What the task asks:
Output the full listing below exactly as it reads, and skip anything that is a picture.

Data section:
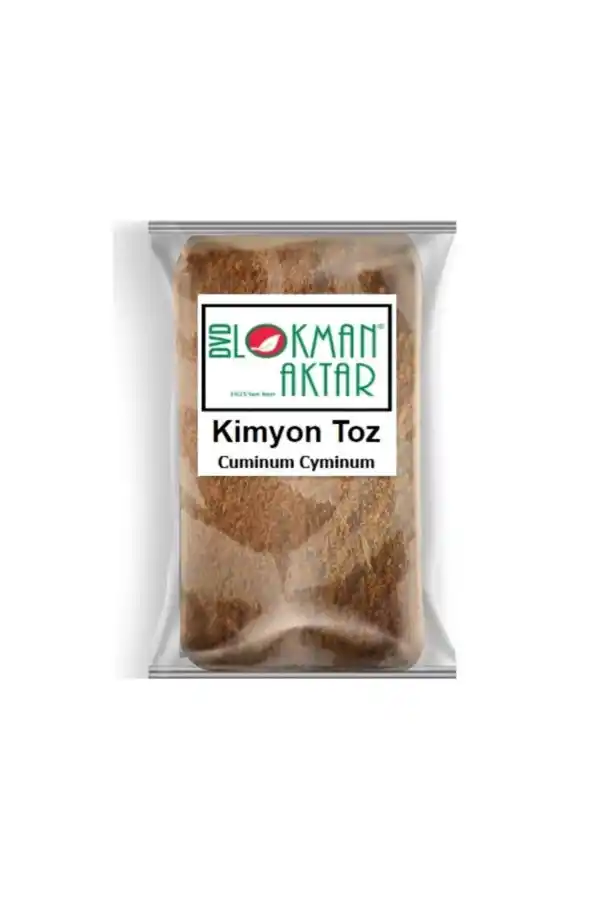 Kimyon Toz (Cuminum cyminum) 50 gr, Lokman Aktar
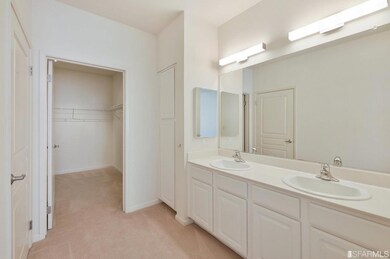 Primary bedroom ensuite and walk-in closet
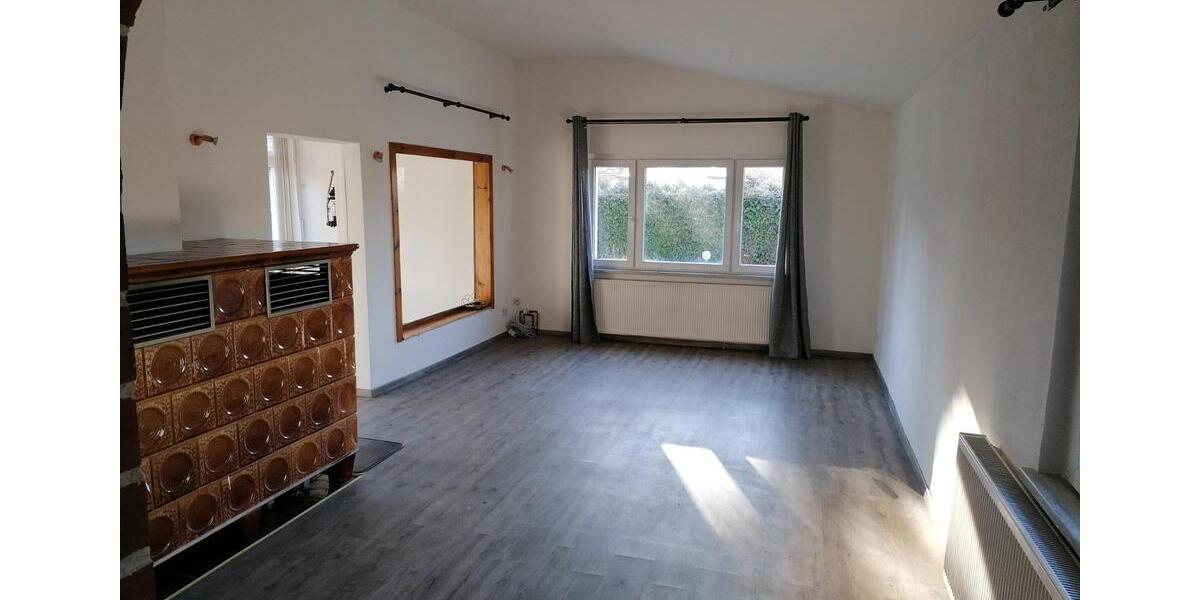 vermiete kleines EFH nah Berlin zwischen See (100m) und Wald 2 zimmer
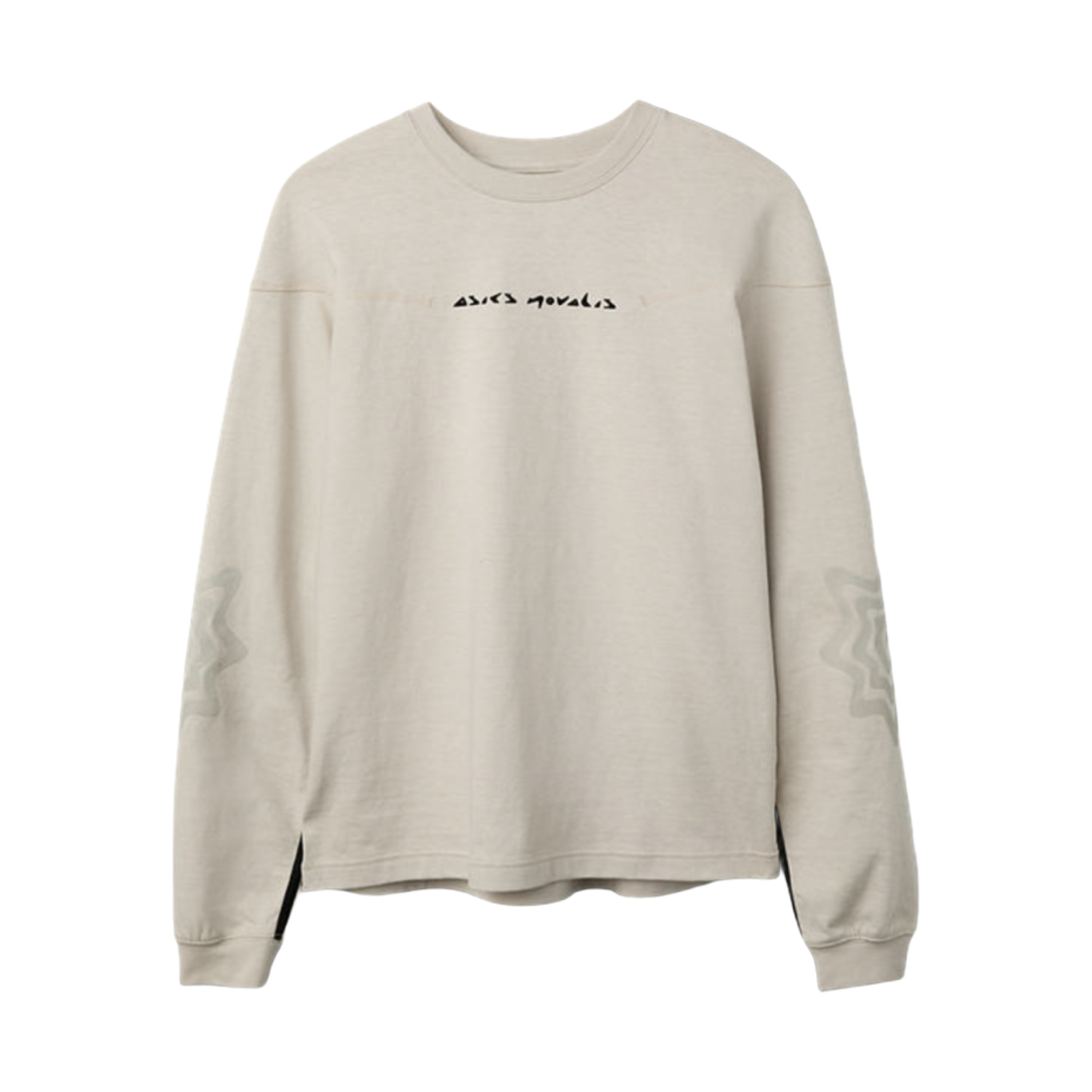 2203A305-020 Asics x Kiko Kostadinov Novalis Bixance Long Sleeve T-Shirt Quartz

Problem solution:
 Kimyon Toz (Cuminum cyminum) 50 gr, Lokman Aktar
 Primary bedroom ensuite and walk-in closet
 vermiete kleines EFH nah Berlin zwischen See (100m) und Wald 2 zimmer
 2203A305-020 Asics x Kiko Kostadinov Novalis Bixance Long Sleeve T-Shirt Quartz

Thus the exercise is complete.